▼

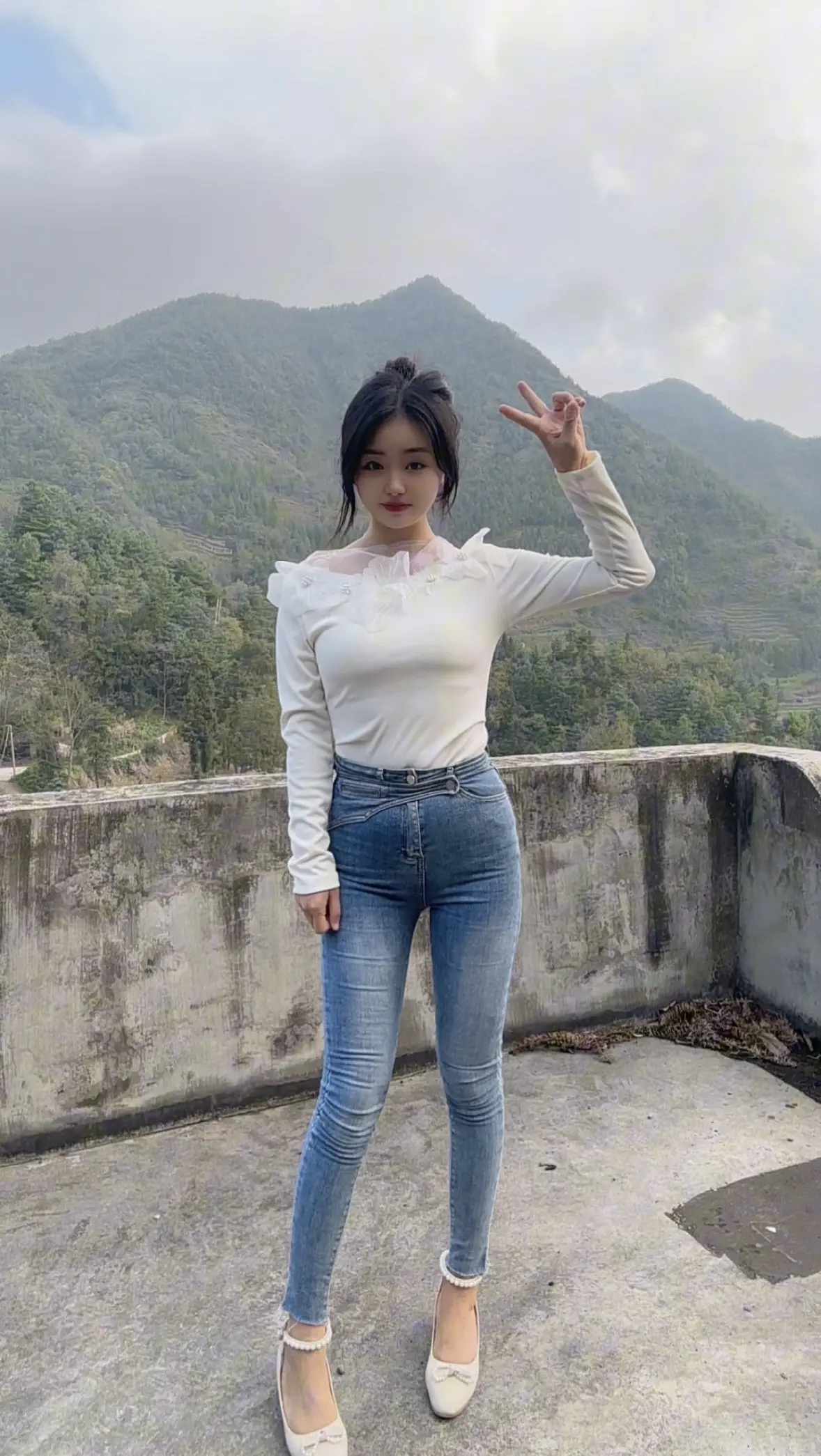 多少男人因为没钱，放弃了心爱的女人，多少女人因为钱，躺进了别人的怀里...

▲
▼

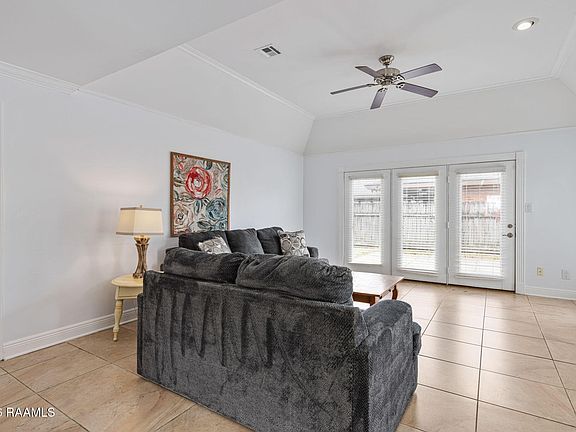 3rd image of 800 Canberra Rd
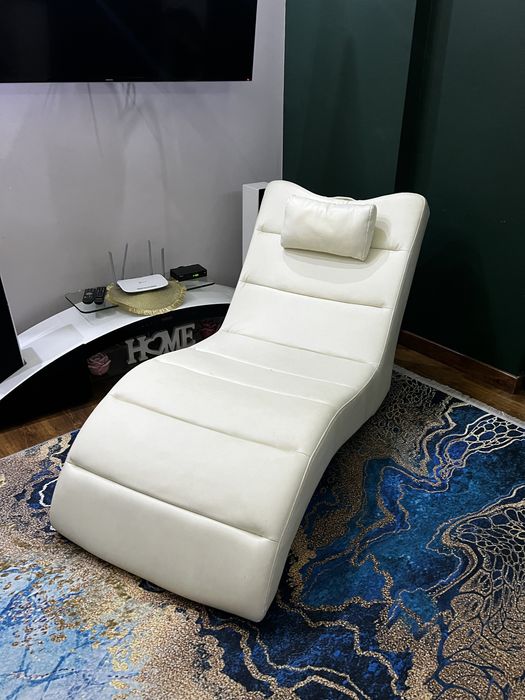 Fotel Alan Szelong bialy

▲
▼

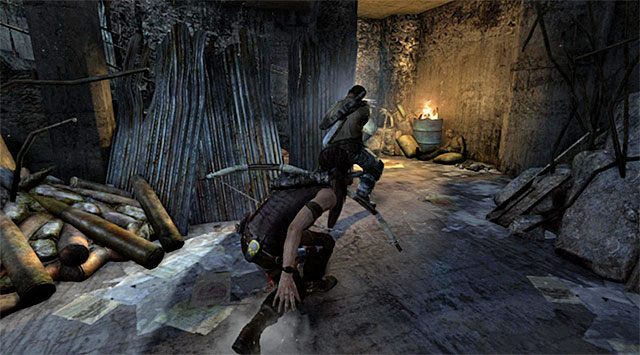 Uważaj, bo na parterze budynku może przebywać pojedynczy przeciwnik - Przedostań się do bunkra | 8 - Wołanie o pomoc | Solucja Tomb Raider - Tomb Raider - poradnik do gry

▲

■ Work item
Respond with the exact lines above running from the one containing "3rd image of 800 Canberra Rd" to the one containing "Fotel Alan Szelong bialy", both ends kept and no pictures included.

■ Worked solution
 3rd image of 800 Canberra Rd
 Fotel Alan Szelong bialy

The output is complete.